4

I need to create a shared library for cuda. The compilation of the library works fine but when I try to use it in my program nvcc returns a linker or ptxas error.

I reduced the problem to the following code. The library must replace different C functions (here: memset). The library consists of three C++ files:

FileA.h

#ifndef FILEA_H_
#define FILEA_H_

namespace A {
    __device__ 
    void* memset(void* _in, int _val, int _size);
};
#endif

FileA.cpp

#include "FileA.h"

__device__ 
void* A::memset(void* _in, int _val, int _size) {
    char* tmp = (char*)_in;
    for(int i = 0; i < _size; i++) tmp[i] = _val;
    return _in;
}

TempClass.h

#ifndef TEMPCLASS_H_
#define TEMPCLASS_H_

#include "FileA.h"

namespace A {
    template <typename T>
    class TC {
    public:
        __device__ 
        TC() {
            data = new T[10];
        }

        __device__ 
        ~TC(){
            delete [] data;
        }

        __device__ 
        void clear(){
            A::memset(data, 0, 10*sizeof(T));
        }

        T* data;
    };
};
#endif

Using the following commands I create a shared library:

nvcc -Xcompiler -fPIC -x cu -rdc=true -c FileA.cpp -o FileA.o
nvcc -Xcompiler -fPIC --shared -o libTestA.so FileA.o -lcudart

This library should be used in a main program:

main.cpp

#include <cuda.h>
#include <TempClass.h>
#include <iostream>

__device__
int doSomthing() {
    A::TC<int>* tc = new A::TC<int>();
    tc->clear();
    for (int i = 0; i < 5; i++) tc->data[i] = i;

    int sum = 0;
    for (int i = 0; i < 5; i++)  sum += tc->data[i];
    delete tc;
    return sum;
}

__global__
void kernel(int* _res) {
    _res[0] = doSomthing();
}

int main(int argc, char** argv) {
    int* devVar;
    int* hostVar;
    hostVar = new int[1];
    hostVar[0] = -1;
    cudaMalloc(&devVar, sizeof(int));
    cudaMemcpy(devVar, hostVar, sizeof(int), cudaMemcpyHostToDevice);

    kernel<<< 1, 1>>> (devVar);

    cudaMemcpy(hostVar, devVar, sizeof(int), cudaMemcpyDeviceToHost);

    std::cout << "kernel done. sum " << *hostVar << std::endl;

    return 0;
}

If I try to compile the program with the commands:

nvcc -Xcompiler -fPIC -I. -L. -rdc=true -x cu -c main.cpp -o main.o 
nvcc -Xcompiler -fPIC -I. -L. main.o -o main -lTestA

I receive the error message:

nvlink error   : Undefined reference to '_ZN1A6memsetEPvii' in 'main.o'

I receive the same error if I try to compile the file directly:

nvcc -Xcompiler -fPIC -I. -L. -rdc=true -x cu main.cpp -o main -lTestA

The command nm libTestA.so shows that the library contains the function symbol _ZN1A6memsetEPvii.

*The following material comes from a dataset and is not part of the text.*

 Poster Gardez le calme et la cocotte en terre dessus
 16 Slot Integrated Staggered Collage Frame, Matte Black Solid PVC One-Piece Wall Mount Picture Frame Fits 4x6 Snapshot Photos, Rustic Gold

When I remove the -rdc=true option while linking I receive a ptxas error:

ptxas fatal   : Unresolved extern function '_ZN1A6memsetEPvii'

In my case static linking is no option, I need a shared library. I've also tried to make memset an extern "C" function but this collides with the original C function. The code compiles correctly with g++. Do you have suggestions how to solve this problem.

Tim
  • 41
  • 1
  • 3
  • 1
    1. `FileA.cpp` should be `FileA.cu`. 2. You're not compiling `FileA.cu`; why would you expect the linking to work? 3. If you "need" a shared library, why are you linking statically? I don't understand. – einpoklum Feb 22 '18 at 17:24
  • 1. The option -x cu makes allows nvcc to handle cpp like cu-files. 2. I compile it to a shared lib (see command before main.cpp). 3. Where do you see any static linking? Maybe I miss something. – Tim Feb 22 '18 at 19:39
  • 1. You're right that nvcc will accept it as a CUDA file, but you should still call it what it is... . 2. Ah, so the two earlier lines appear before the two lines later on... now I get it. – einpoklum Feb 22 '18 at 20:01
  • @RobertCrovella: That's an answer I think... but - it's also terrible! Why doesn't nvcc support ths? – einpoklum Feb 22 '18 at 22:05

1 Answers1

5

It appears that you are attempting to do device-code linking across a library boundary. Currently, that is only possible with a static library.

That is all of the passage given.